Without the pictures, output all of the data exactly.

Top of DATA PROVIDED

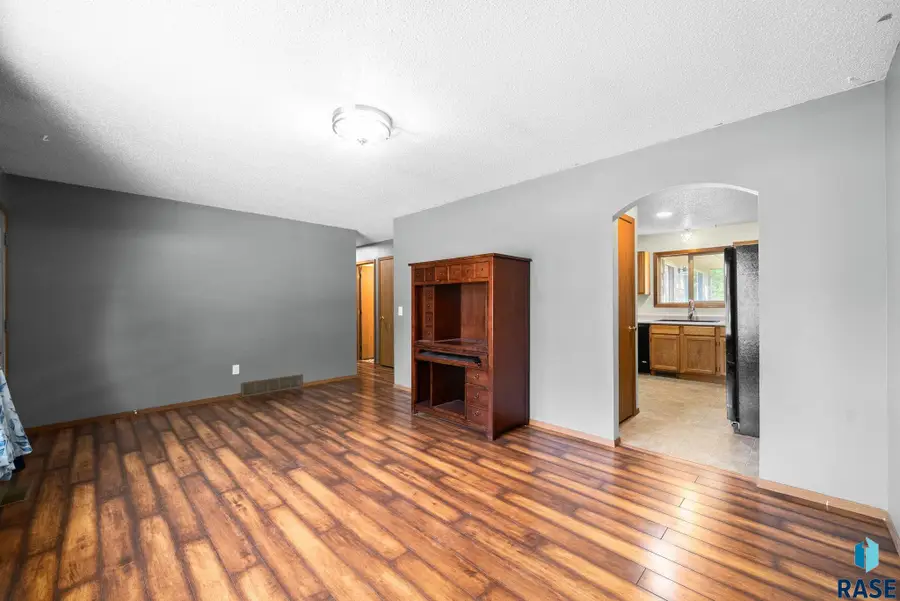 813 E Elm St, Harrisburg, SD 57032 - #3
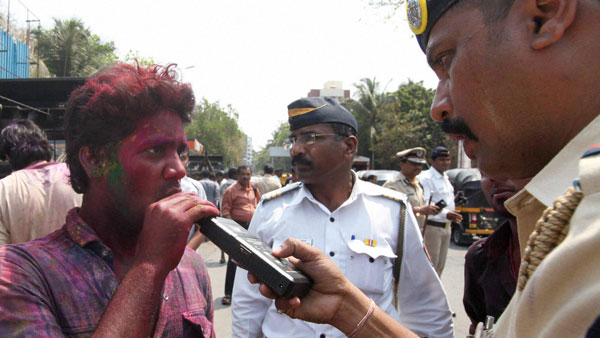 డ్రంక్ అండ్ డ్రైవ్ విషయంలో తెలంగాణా హైకోర్టు సంచల తీర్పు.. వావనాలను జప్తు చేసే అధికారం పోలీసులకు లేదు!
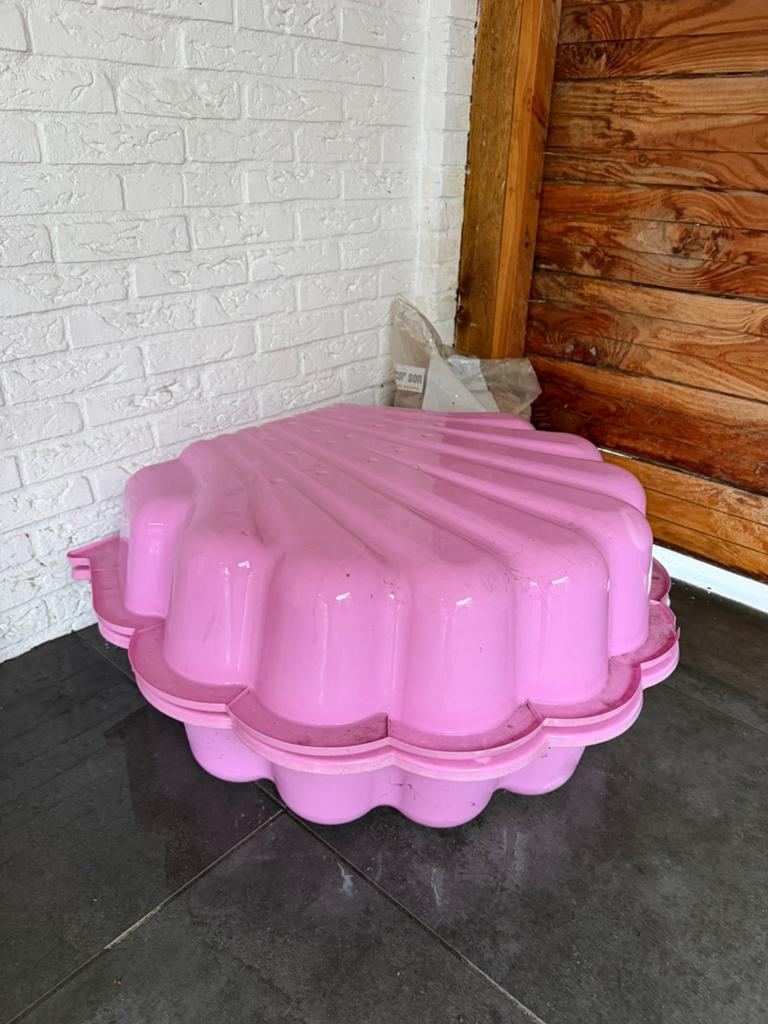 Roze zandbak schelp incl zand en toe behoren, Ophalen
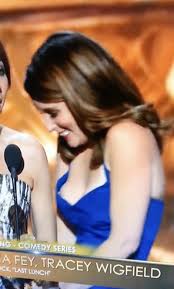 Tina Fey Topless, Tina Fey goes topless in SNL promo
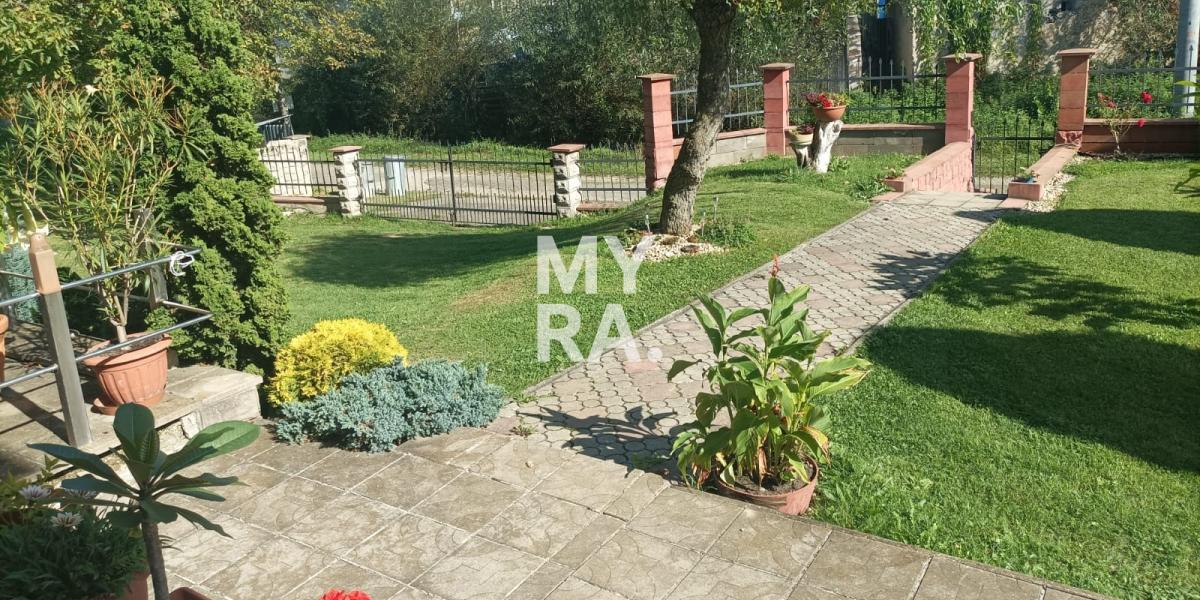 Dvojgeneračný Rodinný dom s pozemkom 2664m2 v obci Jarovnice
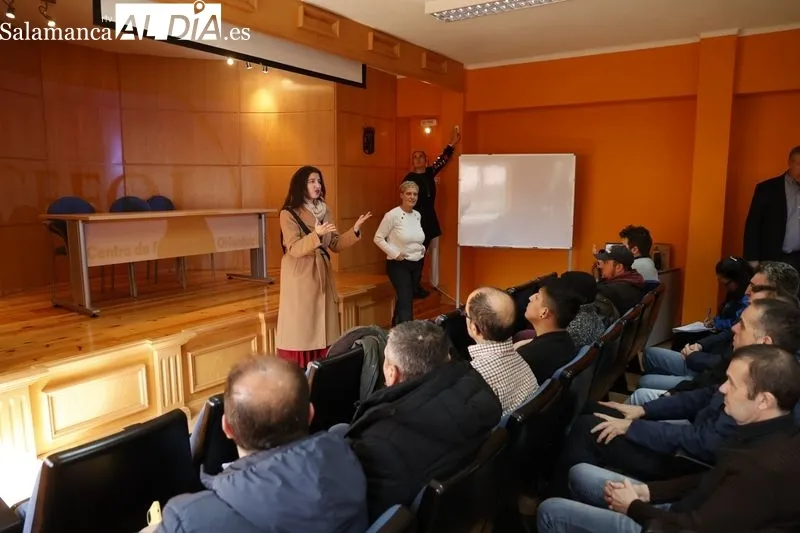 Myriam Rodríguez, con participantes en los próximos cursos del CEFOL | FOTOS: David Sañudo 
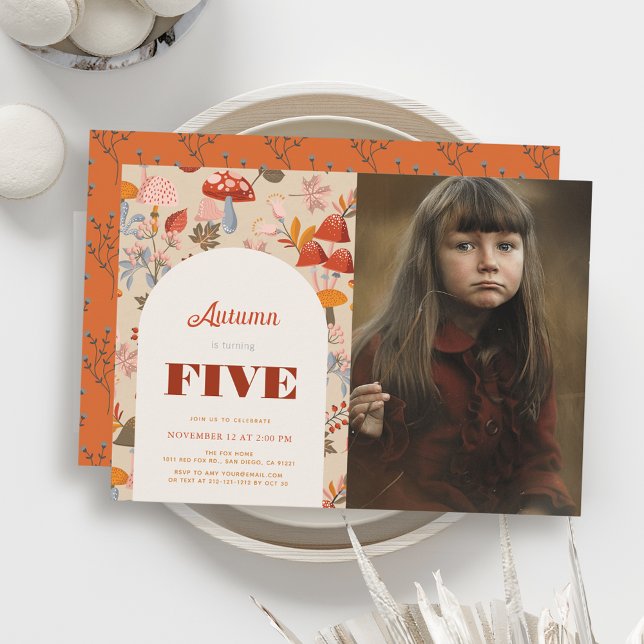 Convites Fall Mushroom Wildflower Birthday Tan Foto (Criador carregado)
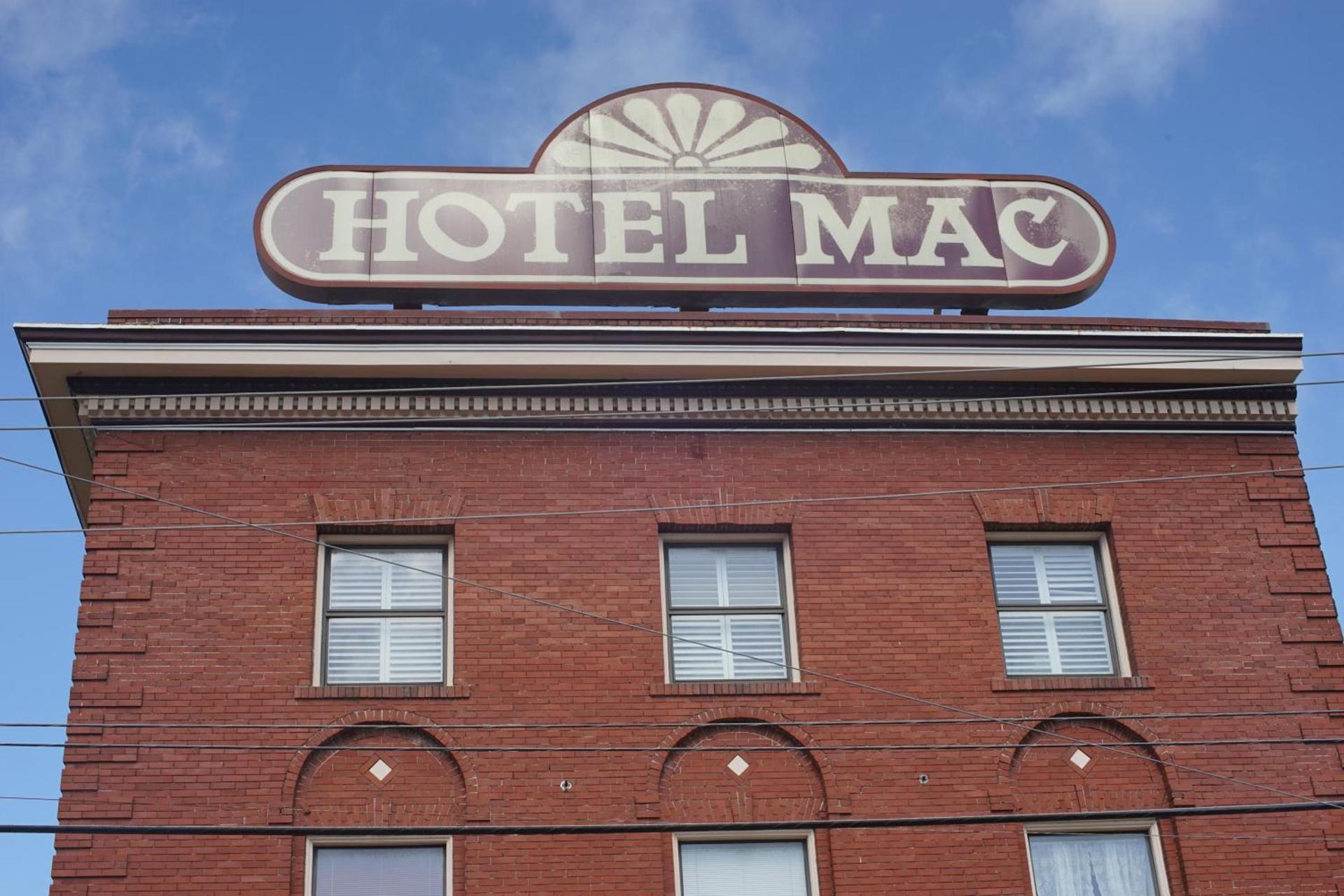 Hotel Mac photo 8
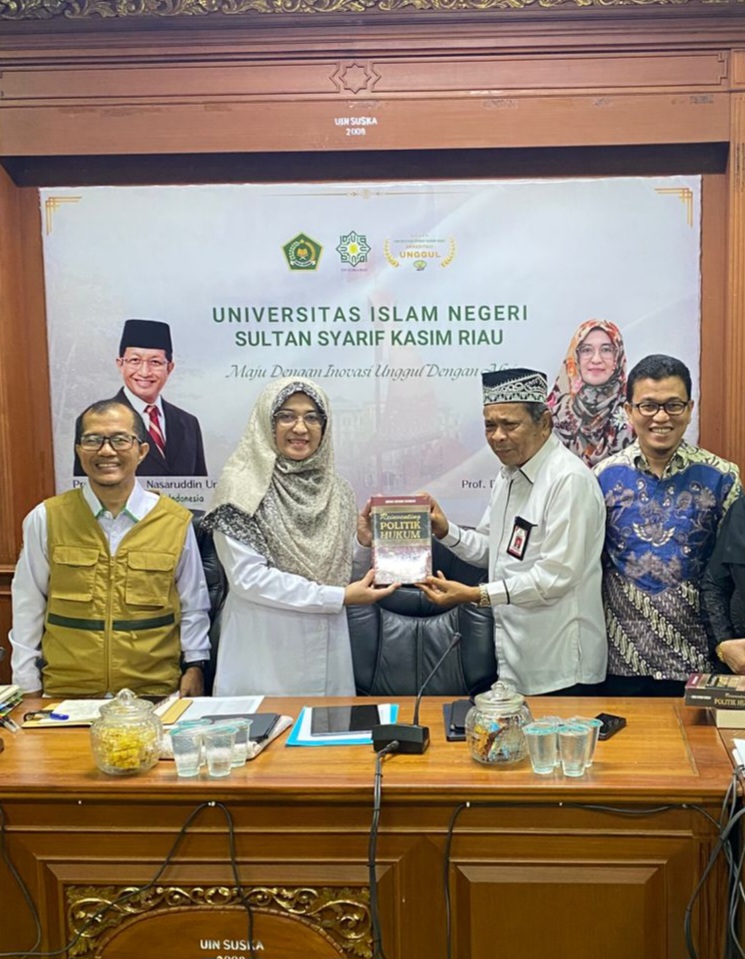 Menjelang Pensiun, Karo AAKK UIN Suska Riau Luncurkan Buku Monumental “Teori Baru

Bottom of DATA PROVIDED

▶ **THE COMPLETED TASK**
 813 E Elm St, Harrisburg, SD 57032 - #3
 డ్రంక్ అండ్ డ్రైవ్ విషయంలో తెలంగాణా హైకోర్టు సంచల తీర్పు.. వావనాలను జప్తు చేసే అధికారం పోలీసులకు లేదు!
 Roze zandbak schelp incl zand en toe behoren, Ophalen
 Tina Fey Topless, Tina Fey goes topless in SNL promo
 Dvojgeneračný Rodinný dom s pozemkom 2664m2 v obci Jarovnice
 Myriam Rodríguez, con participantes en los próximos cursos del CEFOL | FOTOS: David Sañudo 
 Convites Fall Mushroom Wildflower Birthday Tan Foto (Criador carregado)
 Hotel Mac photo 8
 Menjelang Pensiun, Karo AAKK UIN Suska Riau Luncurkan Buku Monumental “Teori Baru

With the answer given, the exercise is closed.